Echange houleux incompréhensible

Une tempête a cependant soufflé sur la salle en fin de matinée. L’avocate générale avait des questions à poser à monsieur, elle l’accule, il lève un bras et dit « je comprends que vous êtes dans votre rôle, mais…  – Non, non, je n’ai pas de rôle. – Votre fonction, alors. – Je n’ai pas de fonction non plus. » Nul ne comprend comment il est possible que l’avocat général, celui qui porte l’accusation dans un procès, n’ait ni rôle, ni fonction. L’un des avocats de l’accusé intervient pour demander qu’on revienne à la sérénité des débats en évitant les questions agressives, ce qui entraîne une nouvelle passe agressive. Fin de l’épisode.

 

« Je suis innocente aussi »

La mère est entendue l’après-midi. Très émue, trop émue. La présidente doit la prendre comme par la main pour que la cour puisse entendre de sa bouche le récit de sa vie, de sa vie de couple, de sa vie de famille, de ses relations avec le père de ses deux premiers enfants. Sa position ? « Je suis innocente aussi. »
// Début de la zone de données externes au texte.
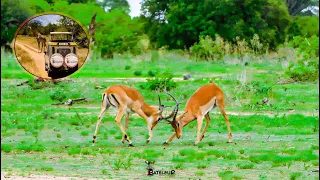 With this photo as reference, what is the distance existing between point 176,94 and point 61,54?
31.6ft

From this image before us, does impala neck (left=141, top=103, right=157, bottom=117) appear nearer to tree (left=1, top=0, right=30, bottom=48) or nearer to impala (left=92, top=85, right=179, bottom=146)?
impala (left=92, top=85, right=179, bottom=146)

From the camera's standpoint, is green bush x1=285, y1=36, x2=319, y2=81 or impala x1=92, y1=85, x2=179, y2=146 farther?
green bush x1=285, y1=36, x2=319, y2=81

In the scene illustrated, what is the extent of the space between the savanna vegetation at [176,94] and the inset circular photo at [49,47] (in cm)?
137

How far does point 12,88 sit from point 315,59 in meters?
9.73

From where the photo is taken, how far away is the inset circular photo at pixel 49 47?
16.0 metres

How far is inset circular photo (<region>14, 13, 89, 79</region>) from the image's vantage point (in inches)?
632

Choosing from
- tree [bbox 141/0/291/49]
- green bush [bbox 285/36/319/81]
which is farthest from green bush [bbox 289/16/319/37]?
green bush [bbox 285/36/319/81]

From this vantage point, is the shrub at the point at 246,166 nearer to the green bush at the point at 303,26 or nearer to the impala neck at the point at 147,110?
the impala neck at the point at 147,110

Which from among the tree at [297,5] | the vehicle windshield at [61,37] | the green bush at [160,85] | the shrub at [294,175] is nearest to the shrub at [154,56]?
the tree at [297,5]

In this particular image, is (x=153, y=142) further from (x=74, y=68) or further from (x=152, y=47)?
(x=152, y=47)

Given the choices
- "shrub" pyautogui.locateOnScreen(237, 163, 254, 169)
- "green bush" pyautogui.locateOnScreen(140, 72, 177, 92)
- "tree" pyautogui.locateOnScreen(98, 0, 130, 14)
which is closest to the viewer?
"shrub" pyautogui.locateOnScreen(237, 163, 254, 169)

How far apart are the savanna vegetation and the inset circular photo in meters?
1.37

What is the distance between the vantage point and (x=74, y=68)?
17.1 metres

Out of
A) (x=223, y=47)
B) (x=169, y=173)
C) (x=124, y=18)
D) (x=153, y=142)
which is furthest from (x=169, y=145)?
(x=124, y=18) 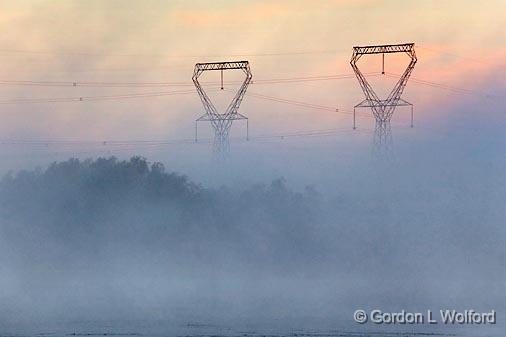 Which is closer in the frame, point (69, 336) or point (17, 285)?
point (69, 336)

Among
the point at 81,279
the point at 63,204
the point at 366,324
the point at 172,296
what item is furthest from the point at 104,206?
the point at 366,324

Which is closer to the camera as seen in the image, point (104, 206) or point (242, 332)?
point (242, 332)

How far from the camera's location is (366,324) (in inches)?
5103

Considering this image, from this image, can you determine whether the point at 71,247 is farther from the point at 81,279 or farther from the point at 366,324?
the point at 366,324

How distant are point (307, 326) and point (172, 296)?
25.6m

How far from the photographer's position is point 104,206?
19512 cm

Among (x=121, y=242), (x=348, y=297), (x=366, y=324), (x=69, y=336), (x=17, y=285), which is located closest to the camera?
(x=69, y=336)

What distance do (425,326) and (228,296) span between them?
25542mm

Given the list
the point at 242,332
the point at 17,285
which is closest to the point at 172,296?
the point at 17,285

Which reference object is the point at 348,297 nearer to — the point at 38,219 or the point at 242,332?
the point at 242,332

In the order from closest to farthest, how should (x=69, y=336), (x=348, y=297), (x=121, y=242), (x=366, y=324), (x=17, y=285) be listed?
(x=69, y=336) < (x=366, y=324) < (x=348, y=297) < (x=17, y=285) < (x=121, y=242) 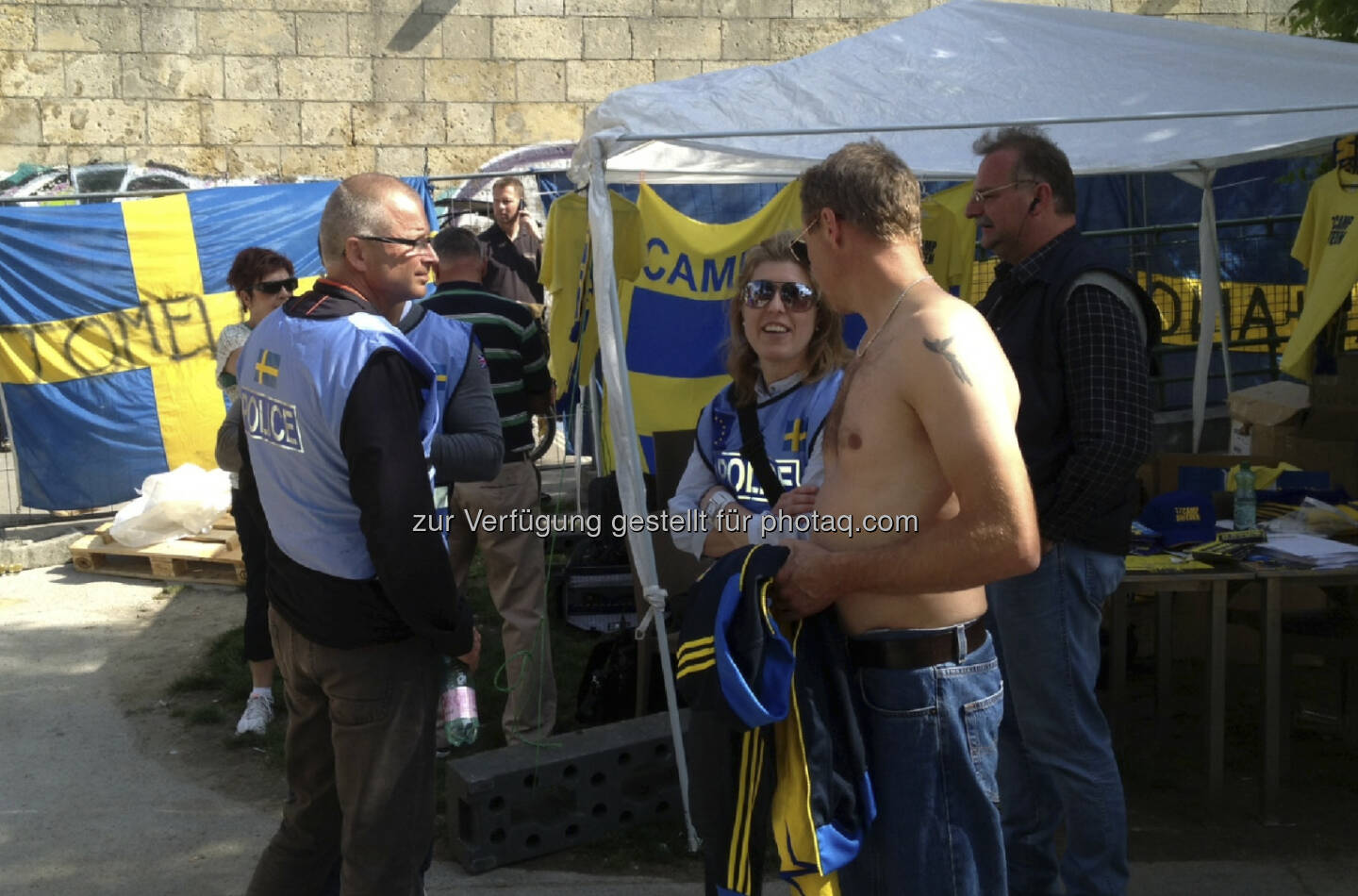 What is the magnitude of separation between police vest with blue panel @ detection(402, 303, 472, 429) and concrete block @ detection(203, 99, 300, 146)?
891 cm

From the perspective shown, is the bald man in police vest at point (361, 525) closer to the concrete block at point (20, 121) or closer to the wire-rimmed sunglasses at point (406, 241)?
the wire-rimmed sunglasses at point (406, 241)

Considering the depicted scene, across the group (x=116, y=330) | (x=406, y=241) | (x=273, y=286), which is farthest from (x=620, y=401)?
(x=116, y=330)

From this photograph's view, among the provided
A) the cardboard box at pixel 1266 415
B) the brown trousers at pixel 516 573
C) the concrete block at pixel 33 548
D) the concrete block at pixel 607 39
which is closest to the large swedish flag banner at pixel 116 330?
the concrete block at pixel 33 548

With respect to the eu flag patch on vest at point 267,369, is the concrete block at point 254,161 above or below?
above

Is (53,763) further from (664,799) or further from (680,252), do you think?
(680,252)

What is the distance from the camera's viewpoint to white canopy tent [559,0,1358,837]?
4.04 metres

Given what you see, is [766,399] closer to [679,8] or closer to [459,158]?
[459,158]

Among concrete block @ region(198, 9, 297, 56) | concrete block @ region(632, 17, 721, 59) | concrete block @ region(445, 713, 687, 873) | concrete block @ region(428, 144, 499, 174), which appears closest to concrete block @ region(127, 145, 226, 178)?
concrete block @ region(198, 9, 297, 56)

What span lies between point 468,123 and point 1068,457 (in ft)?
34.0

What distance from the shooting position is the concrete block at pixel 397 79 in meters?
12.1

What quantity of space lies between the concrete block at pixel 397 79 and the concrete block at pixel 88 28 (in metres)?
2.22

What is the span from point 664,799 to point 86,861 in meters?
1.94

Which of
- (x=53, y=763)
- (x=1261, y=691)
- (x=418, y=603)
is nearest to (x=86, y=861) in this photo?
(x=53, y=763)

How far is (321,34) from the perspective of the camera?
12.0 metres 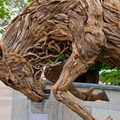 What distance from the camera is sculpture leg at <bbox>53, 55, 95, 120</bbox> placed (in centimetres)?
326

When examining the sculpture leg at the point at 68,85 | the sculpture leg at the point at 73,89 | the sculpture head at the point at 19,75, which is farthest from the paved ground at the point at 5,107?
the sculpture leg at the point at 68,85

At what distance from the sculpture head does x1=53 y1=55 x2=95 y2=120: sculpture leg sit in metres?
0.25

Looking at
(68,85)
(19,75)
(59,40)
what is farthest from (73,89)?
(19,75)

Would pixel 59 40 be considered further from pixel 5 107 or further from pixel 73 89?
pixel 5 107

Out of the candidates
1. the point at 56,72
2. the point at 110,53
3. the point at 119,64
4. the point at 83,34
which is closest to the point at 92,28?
the point at 83,34

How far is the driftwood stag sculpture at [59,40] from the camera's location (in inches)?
129

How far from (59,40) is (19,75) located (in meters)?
0.63

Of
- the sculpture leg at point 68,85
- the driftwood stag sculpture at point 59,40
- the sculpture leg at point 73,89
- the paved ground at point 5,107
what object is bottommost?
the paved ground at point 5,107

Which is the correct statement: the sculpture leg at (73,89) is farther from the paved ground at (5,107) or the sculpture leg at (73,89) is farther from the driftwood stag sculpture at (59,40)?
the paved ground at (5,107)

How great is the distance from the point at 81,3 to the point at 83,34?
379mm

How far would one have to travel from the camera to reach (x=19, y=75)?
3287 mm

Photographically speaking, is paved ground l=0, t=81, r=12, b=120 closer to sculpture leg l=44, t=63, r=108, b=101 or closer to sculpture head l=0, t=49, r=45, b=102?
sculpture leg l=44, t=63, r=108, b=101

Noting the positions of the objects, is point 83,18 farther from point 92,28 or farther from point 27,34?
point 27,34

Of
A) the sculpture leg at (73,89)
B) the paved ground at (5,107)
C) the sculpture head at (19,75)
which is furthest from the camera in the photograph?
the paved ground at (5,107) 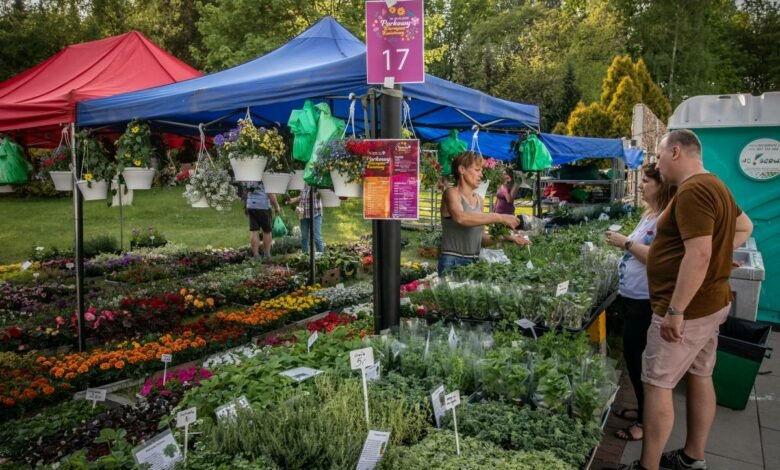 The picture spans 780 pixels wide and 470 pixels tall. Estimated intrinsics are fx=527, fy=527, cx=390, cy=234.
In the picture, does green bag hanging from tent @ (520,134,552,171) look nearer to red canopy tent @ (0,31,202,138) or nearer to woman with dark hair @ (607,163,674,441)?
woman with dark hair @ (607,163,674,441)

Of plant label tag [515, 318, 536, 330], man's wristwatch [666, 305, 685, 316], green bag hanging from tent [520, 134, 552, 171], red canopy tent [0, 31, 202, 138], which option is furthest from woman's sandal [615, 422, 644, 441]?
red canopy tent [0, 31, 202, 138]

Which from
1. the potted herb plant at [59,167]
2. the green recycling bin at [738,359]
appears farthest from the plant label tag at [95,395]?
the green recycling bin at [738,359]

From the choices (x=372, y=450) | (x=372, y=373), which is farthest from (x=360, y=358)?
(x=372, y=450)

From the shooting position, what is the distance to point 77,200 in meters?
4.83

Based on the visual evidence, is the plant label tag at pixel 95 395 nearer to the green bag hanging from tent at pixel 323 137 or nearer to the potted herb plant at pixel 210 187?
the potted herb plant at pixel 210 187

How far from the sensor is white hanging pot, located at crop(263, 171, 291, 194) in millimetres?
4514

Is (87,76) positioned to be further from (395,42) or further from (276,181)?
(395,42)

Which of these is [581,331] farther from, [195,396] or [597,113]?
[597,113]

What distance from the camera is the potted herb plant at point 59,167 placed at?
198 inches

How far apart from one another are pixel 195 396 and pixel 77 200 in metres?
3.02

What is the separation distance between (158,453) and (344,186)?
191 centimetres

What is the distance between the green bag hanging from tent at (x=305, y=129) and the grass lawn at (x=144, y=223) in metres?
7.59

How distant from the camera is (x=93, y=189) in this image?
484 cm

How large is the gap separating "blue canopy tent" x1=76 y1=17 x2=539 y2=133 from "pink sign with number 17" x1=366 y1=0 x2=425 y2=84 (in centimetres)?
19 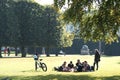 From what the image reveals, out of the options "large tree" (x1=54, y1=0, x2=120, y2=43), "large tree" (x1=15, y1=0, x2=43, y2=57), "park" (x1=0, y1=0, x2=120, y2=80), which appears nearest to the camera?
"large tree" (x1=54, y1=0, x2=120, y2=43)

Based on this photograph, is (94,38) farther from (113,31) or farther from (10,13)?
(10,13)

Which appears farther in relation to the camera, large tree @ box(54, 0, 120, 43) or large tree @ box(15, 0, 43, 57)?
large tree @ box(15, 0, 43, 57)

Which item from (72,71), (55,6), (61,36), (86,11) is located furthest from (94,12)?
(61,36)

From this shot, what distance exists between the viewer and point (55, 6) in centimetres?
2955

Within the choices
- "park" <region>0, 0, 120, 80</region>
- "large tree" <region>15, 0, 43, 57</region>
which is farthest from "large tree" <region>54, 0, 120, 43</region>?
"large tree" <region>15, 0, 43, 57</region>

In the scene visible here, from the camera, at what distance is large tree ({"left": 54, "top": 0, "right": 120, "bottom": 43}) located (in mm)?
28859

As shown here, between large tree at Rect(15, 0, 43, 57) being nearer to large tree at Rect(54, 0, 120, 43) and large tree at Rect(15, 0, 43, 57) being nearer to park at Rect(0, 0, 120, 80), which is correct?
park at Rect(0, 0, 120, 80)

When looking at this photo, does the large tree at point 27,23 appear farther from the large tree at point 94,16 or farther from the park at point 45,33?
the large tree at point 94,16

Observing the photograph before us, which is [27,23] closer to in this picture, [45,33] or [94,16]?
[45,33]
Le premier jour d’un procès plante les faits tels que le juge d’instruction les a présentés, et naturellement ils sont à charge. Les jours qui viennent vont permettre à la cour (trois juges et 6 jurés, majoritairement des hommes) de voir un éventail se déplier, les images qu’on se fait des uns et des autres vont fluctuer au gré des témoignages et des interventions, jusqu’à la fin des débats. Les questions restent donc ouvertes.

 

« Les stigmates d’une défloration ancienne »

Mais la déposition du docteur Corrège, peu avant 18 heures ce lundi, en pose une qui est de taille. Il a examiné Sylvie en février 2017. Son examen clinique établit avec certitude « les stigmates d’une défloration ancienne » et conclut que l’examen est « compatible » avec les déclarations de la jeune fille.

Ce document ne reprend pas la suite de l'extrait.